Your adorable sleeping baby is so sweet to watch, but if their mouth is open, look out. Mouth breathing can indicate health issues like sleep apnea you’ll want to bring up with your baby’s pediatrician.
There are a few potential causes of mouth breathing in babies and different ways to resolve each one. We’ll go over what’s normal, what’s not, and what to do about it. There may be no reason to worry, but get informed so you know if there is or not. Then you can take the next step so you and your baby can both sleep soundly.
There are a few different reasons a baby may breathe through their mouth while asleep. Some are temporary reasons that aren’t cause for alarm and others that you’ll want to follow up about with the pediatrician.
Babies don’t naturally breathe through their mouths while asleep. If there is an obstruction to a newborn baby’s nose, they would be more likely to wake up rather than switch to mouth breathing because of their facial anatomy at that stage of development.

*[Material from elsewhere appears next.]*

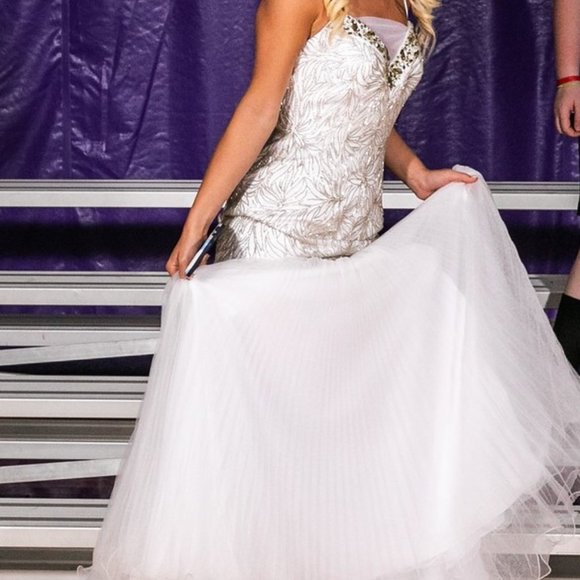 Sherri Hill | Dresses | Sherri Hill White And Gold Pageant And Prom Dress |  Poshmark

First, if your baby is stuffed up in their nose with congestion from a cold or allergies, they won’t have another option but to breathe through their mouth until their nose opens back up. Usually, they’ll go right back to sleeping with a closed mouth once they’re able to breathe through their nose again, but sometimes mouth breathing becomes a habit after a cold.
Another reason is a condition called sleep apnea in which the upper airway is obstructed. Mouth breathing during sleep is one symptom of sleep apnea in addition to snoring pauses in breathing during sleep and restless sleep. While sleep apnea in adults usually causes them to be tired during the day and to gain weight, in children it more often causes them to have behavioral problems and to get enlarged tonsils or adenoids. The enlarged tonsils or adenoids may also be the cause of the sleep apnea. Risk factors for pediatric obstructive sleep apnea include obesity, Down syndrome, abnormalities in the skull or face, cerebral palsy, sickle cell disease, neuromuscular disease, history of low birth weight, and family history of obstructive sleep apnea.
Your baby may have also been born with a deviated septum, an abnormality in the cartilage and bone that separates their nostrils. This can lead to trouble breathing through the nose.
It depends on the cause of the mouth breathing. If it’s temporary congestion from a cold, you can use a cool-mist humidifier in their room overnight. You can also use a bulb syringe or NoseFrida to remove mucus from their nose before bedtime.
For a condition like sleep apnea or a deviated septum, you’ll need to follow up with your doctor for the next steps. For sleep apnea, the doctor may prescribe medication, a CPAP or BPAP machine, or the removal of the tonsils or adenoids. For a deviated septum, they might recommend surgery.
If it’s just for a few days because of congestion, mouth breathing shouldn’t be a problem. However, long-term overnight mouth breathing can cause many problems and should be corrected.
“Children who mouth breathe typically do not sleep well, causing them to be tired during the day,” dentist Dr. Yosh Jefferson says. Poor sleep may also affect growth, behavior, facial development, and dental development. They may get “long face syndrome” with a narrow jaw. It can even cause poor oxygen concentration in the bloodstream which can cause medical issues including high blood pressure, heart problems, and sleep apnea.
If your baby is habitually mouth breathing, bring it up with your pediatrician sooner rather than later. Not getting quality sleep can seriously hurt your baby’s development at this important stage of their life, not to mention the other potential effects mentioned above. Observe your baby while they sleep to see if there are other issues such as snoring or pauses so you can tell the doctor and they can best advise you on the next steps to determine a diagnosis.